This is, of course, alarmist and untrue, but it is the underlying policy message of this otherwise interesting travelogue that gets in over its head.

Author Jennifer Cockrall-King is an Edmonton-based journalist and local-food proponent who has written a book that is two parts travelogue and one part treatise on food policy.

First the good parts of the book. The production of food close to home has been growing in popularity in large urban centres. The University of Manitoba offers a course in urban agriculture and many (often expensive) Winnipeg restaurants feature locally produced food on their menus.

Food and the City takes readers to several large cities around the world where urban agriculture is flourishing and tells interesting success stories of urban farmers.

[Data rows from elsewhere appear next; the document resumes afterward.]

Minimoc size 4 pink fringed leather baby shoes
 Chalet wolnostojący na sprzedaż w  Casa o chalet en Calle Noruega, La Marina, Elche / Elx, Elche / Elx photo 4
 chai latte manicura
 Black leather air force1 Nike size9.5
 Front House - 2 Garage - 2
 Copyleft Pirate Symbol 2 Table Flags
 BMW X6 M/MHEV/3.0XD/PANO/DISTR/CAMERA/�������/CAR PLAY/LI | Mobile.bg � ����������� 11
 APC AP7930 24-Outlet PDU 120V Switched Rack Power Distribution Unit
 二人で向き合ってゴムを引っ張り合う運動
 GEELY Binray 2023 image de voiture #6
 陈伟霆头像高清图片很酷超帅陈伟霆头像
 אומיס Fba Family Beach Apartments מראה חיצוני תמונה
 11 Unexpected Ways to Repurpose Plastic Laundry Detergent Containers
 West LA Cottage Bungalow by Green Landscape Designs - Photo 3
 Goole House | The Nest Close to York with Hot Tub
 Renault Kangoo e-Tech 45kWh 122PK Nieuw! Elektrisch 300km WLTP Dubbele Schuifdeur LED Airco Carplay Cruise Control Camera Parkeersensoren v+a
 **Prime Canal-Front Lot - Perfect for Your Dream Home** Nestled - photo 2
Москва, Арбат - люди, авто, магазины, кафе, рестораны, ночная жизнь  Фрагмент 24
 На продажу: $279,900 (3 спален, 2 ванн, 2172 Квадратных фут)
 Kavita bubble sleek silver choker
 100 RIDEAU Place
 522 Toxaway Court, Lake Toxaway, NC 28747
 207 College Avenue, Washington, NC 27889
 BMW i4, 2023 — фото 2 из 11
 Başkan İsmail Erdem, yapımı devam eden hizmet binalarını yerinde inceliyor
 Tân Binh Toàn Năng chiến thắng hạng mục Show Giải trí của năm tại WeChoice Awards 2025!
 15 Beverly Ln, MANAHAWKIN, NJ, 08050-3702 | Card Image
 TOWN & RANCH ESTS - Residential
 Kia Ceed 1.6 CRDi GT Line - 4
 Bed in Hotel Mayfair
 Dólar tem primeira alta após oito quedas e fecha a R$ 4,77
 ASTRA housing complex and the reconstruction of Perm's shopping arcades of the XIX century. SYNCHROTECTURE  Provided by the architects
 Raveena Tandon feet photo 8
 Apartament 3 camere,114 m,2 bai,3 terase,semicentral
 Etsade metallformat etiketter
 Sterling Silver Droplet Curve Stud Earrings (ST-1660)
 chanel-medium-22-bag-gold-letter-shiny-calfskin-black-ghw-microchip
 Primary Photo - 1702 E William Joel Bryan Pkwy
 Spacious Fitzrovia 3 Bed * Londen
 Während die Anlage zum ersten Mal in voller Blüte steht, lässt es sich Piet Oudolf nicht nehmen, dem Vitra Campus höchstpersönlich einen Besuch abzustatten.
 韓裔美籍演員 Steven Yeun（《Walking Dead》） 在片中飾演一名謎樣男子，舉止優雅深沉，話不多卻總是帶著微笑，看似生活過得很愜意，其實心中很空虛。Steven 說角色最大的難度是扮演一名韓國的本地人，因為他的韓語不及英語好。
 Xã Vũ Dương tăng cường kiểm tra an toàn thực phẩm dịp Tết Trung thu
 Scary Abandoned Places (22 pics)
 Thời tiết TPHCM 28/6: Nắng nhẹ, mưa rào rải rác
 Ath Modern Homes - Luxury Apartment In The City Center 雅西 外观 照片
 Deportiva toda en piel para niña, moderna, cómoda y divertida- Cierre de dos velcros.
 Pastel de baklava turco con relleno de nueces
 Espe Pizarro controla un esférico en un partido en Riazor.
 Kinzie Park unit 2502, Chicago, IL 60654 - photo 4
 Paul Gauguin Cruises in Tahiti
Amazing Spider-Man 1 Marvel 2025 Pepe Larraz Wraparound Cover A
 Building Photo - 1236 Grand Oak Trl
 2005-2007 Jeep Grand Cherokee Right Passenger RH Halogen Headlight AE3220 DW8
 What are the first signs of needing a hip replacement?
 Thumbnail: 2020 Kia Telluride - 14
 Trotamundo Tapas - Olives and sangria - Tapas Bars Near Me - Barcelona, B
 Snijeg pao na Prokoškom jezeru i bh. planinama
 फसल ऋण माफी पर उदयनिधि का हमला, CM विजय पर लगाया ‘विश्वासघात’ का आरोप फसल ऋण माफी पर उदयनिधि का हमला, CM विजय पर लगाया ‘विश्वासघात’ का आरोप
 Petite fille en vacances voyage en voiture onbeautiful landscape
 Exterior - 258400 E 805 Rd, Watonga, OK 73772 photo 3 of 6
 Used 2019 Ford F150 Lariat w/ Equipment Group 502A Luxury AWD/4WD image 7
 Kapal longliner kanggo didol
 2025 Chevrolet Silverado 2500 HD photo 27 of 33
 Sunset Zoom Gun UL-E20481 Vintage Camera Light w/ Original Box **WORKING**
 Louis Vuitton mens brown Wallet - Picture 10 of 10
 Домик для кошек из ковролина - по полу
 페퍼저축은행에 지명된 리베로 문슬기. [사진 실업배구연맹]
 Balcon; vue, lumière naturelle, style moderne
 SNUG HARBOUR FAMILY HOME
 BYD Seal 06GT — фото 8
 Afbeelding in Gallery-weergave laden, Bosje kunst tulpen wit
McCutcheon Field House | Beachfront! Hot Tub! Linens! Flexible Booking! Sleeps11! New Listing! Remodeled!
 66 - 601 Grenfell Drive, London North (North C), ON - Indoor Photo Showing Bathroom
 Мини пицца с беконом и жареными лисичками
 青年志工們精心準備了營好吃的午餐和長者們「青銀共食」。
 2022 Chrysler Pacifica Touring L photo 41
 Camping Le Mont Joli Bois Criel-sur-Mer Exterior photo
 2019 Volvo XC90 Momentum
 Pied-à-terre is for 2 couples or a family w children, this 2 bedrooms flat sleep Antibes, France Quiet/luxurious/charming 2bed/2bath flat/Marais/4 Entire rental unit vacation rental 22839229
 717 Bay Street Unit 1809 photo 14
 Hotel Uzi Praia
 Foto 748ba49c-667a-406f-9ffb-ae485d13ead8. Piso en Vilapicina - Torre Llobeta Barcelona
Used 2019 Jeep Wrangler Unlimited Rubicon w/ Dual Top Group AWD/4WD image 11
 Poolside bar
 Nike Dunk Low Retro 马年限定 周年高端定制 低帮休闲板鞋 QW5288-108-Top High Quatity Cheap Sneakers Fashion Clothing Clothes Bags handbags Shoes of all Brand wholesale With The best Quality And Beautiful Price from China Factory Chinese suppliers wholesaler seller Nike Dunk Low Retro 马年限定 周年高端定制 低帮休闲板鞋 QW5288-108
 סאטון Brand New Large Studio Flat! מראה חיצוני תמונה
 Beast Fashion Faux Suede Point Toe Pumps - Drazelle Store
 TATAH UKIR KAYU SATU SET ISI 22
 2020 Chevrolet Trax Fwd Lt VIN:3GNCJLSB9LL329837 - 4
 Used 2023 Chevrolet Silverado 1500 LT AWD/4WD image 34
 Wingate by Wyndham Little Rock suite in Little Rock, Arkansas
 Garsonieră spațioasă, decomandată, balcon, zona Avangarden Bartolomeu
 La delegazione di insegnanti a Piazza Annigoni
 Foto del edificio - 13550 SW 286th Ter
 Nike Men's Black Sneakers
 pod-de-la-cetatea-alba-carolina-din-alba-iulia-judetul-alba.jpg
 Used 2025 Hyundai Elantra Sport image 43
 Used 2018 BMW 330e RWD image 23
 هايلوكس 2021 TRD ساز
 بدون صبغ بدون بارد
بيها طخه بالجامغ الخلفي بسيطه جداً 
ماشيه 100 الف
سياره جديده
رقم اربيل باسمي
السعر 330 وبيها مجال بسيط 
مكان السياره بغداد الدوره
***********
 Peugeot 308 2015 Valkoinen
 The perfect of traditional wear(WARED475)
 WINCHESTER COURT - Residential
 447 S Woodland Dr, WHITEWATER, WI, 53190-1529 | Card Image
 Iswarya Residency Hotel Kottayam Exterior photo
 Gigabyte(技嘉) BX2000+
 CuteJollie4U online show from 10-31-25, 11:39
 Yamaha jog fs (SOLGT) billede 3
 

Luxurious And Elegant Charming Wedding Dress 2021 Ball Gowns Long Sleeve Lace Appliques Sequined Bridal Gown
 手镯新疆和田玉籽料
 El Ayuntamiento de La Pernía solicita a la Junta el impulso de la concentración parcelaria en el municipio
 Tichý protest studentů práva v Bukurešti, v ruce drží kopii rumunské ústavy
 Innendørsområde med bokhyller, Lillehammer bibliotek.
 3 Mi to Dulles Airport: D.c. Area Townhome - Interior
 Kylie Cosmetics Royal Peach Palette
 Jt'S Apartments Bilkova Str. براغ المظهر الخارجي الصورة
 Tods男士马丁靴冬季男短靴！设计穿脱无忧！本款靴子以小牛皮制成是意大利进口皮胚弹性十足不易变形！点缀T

Now the bad. This book dives head first into several complicated food policy issues in its attempt to encourage urban agriculture. And it gets a lot wrong. It is important to note that policies promoting local-food production are one far end of the spectrum of international trade protection (with free trade between countries being the other end). Trade protectionism is bad for several reasons, most importantly because it constrains countries' incomes. Canada is a rich country, in large part because we specialize in production of certain products and trade with others who specialize in different products. And one of the most important food policy lessons that we've learned over the past few decades is that food security is dependent on income, not on food supply (even at the local level).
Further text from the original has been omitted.